I posted this in the tech forum, but figured it would be better here.

I recently bought an old GT LTS mountain bike with a cromoly frame. I'm pleased with it but i find the spring is too soft.
How do i make the shock stiffer. It's already adjusted to it's maximum preload.
What are my options? can i get a replacement for this, or do i have to wedge some thick rubber between the coils (only joking).

The markings are 700 1.4
Is this pounds/foot or kilograms/meters or what?


----------



## mickle (6 Nov 2011)

Screwing in the pre-load has no effect on the spring rate, it simply adjusts the bump force threshold at which the spring reacts. removing its small bump compliance. It might feel 'stiffer' but it's not.

I'm not close enough to the sharp end of retail these days to know how much you'd expect to pay for an 800 or 900lb spring, or even for certain, if they are very widely available but ten+ years ago they cost in the region of twenty quid and could be purchased easily. 

I used to work for a shop which was a subsiduary of the UK's GT distributor and we had LTS springs coming out of our ears!

They're pretty universal, you just need to know how long it is and what weight you want.


----------



## RecordAceFromNew (6 Nov 2011)

I think you have 59445 on page 95 of this document.

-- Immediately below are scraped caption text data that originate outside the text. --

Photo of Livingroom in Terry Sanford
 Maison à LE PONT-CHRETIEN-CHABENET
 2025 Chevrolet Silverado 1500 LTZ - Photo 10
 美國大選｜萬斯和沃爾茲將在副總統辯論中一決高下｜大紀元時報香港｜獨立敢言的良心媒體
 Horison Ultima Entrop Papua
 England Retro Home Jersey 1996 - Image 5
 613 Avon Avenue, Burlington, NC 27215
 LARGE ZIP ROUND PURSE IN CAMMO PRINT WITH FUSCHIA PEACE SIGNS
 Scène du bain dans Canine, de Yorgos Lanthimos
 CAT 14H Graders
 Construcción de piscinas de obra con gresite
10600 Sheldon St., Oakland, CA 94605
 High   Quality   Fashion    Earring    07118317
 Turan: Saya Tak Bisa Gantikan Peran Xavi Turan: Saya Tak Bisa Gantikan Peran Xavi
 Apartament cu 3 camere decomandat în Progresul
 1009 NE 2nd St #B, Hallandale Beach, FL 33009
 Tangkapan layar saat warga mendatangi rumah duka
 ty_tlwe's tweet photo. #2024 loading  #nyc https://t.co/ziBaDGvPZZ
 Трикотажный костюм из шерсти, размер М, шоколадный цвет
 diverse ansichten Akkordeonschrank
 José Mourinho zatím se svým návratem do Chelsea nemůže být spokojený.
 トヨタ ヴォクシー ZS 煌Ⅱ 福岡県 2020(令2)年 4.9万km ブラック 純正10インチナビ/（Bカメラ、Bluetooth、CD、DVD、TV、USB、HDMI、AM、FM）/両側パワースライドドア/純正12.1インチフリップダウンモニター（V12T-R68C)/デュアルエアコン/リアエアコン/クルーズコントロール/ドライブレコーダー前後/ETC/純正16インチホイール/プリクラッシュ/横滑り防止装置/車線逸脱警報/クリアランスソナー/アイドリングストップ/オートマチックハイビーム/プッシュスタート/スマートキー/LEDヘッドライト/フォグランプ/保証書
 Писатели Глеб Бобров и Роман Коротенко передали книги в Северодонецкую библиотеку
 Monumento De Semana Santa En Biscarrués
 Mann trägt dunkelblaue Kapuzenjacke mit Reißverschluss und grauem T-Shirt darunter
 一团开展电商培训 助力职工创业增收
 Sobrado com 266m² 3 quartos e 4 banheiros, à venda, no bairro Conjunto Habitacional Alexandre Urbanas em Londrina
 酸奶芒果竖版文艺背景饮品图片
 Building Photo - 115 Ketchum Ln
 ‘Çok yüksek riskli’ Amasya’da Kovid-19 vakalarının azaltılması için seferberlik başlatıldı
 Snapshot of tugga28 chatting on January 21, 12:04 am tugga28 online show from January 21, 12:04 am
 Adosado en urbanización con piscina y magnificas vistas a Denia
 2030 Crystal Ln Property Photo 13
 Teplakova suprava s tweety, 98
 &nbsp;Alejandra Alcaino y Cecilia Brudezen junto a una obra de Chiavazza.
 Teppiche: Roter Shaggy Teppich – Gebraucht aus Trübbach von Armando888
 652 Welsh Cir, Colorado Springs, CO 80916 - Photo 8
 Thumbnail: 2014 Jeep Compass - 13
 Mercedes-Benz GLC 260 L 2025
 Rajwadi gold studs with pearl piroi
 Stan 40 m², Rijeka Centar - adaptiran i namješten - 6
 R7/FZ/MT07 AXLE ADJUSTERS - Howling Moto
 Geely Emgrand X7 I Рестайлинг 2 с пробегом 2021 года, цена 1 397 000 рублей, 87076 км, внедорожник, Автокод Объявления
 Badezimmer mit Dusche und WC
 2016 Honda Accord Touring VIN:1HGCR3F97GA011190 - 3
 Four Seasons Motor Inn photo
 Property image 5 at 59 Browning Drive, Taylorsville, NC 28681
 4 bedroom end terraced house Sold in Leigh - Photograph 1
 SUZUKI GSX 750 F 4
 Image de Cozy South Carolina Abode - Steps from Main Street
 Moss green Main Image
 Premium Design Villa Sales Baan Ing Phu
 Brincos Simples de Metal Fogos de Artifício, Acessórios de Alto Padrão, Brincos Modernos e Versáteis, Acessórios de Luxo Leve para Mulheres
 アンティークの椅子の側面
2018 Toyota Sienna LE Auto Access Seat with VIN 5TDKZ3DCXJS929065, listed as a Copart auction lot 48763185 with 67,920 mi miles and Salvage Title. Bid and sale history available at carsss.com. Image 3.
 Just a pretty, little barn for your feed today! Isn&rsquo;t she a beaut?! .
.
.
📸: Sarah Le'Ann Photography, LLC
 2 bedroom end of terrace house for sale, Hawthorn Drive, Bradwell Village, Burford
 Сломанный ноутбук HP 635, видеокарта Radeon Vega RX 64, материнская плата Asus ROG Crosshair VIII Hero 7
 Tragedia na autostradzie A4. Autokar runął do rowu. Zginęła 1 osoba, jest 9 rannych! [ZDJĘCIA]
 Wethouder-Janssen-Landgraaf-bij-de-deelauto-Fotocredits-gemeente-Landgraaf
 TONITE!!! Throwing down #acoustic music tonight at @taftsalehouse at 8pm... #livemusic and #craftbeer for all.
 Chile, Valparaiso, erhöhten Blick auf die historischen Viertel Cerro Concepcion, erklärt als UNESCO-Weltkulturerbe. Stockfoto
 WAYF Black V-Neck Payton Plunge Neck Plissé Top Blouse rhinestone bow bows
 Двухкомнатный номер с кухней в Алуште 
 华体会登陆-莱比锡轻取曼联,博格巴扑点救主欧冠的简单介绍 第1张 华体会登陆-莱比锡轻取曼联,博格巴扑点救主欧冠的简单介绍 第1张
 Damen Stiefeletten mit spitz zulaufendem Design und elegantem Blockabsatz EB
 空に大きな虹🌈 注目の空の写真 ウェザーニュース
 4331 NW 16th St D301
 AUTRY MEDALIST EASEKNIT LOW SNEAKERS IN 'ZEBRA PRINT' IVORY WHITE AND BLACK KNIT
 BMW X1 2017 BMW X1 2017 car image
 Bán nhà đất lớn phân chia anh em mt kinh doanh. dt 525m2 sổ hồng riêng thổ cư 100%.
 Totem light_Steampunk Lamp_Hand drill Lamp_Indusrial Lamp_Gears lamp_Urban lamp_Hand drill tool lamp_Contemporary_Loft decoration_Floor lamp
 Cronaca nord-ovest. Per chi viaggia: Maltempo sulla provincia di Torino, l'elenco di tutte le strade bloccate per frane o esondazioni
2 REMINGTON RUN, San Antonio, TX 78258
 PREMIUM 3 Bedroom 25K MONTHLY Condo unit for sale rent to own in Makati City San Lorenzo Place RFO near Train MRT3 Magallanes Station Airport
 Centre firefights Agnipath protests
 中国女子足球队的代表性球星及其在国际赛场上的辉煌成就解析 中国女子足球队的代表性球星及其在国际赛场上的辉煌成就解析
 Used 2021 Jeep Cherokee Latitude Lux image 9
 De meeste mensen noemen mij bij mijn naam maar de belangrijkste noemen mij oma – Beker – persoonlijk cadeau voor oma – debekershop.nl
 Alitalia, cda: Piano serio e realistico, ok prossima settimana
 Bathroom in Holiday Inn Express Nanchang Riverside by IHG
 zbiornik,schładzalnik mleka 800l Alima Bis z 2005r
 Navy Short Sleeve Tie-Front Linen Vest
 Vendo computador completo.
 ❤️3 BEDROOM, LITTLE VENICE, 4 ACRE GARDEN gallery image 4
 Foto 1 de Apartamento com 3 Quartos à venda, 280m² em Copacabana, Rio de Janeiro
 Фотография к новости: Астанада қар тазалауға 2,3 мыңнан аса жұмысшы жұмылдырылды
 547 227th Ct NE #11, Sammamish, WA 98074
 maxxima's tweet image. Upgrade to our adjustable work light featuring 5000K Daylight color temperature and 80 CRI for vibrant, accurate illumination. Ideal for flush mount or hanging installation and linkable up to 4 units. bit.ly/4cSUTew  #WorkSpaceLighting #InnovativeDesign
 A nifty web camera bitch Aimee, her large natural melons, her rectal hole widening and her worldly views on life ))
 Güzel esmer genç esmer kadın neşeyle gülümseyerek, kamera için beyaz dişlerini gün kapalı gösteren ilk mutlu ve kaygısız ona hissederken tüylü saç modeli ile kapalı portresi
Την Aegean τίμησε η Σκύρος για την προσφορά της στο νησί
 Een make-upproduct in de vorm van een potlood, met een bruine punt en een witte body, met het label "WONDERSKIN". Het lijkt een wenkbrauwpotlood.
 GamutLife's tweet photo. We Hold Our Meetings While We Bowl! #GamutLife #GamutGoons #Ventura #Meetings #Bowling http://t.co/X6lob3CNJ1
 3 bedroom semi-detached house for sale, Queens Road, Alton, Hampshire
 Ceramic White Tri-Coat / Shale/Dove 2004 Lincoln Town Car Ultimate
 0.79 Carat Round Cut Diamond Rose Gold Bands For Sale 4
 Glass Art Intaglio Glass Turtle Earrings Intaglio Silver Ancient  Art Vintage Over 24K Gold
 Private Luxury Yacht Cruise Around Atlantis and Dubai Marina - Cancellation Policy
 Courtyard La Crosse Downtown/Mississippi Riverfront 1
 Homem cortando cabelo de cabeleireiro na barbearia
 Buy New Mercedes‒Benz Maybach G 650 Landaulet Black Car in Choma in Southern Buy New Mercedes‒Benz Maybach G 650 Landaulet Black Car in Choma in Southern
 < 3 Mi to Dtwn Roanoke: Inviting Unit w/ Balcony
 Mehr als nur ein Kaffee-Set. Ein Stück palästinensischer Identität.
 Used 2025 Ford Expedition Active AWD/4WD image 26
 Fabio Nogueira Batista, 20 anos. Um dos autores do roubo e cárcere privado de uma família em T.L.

TF Tuned has a spring calculator which might help.


----------



## wurly (7 Nov 2011)

Thanks for that info. I think you are right, that is my spring listed. 
I think i'll dismantle it first and measure the length, maybe it's possible to find another with a high rate. I reckon 900 will be too soft for my plans.


----------



## Zoiders (10 Nov 2011)

The LTS is getting on in years.

Mojo may well have spare springs, spare bushes and linkage plates can be obtained from Goldtec.


----------



## jethro10 (11 Nov 2011)

wurly said:


> do i have to wedge some thick rubber between the coils (only joking).



NASCAR allows this in races (it's very common), to quickly allow them to adjust spring rates during pit stops.
so not that stupid a thought





Jeff


----------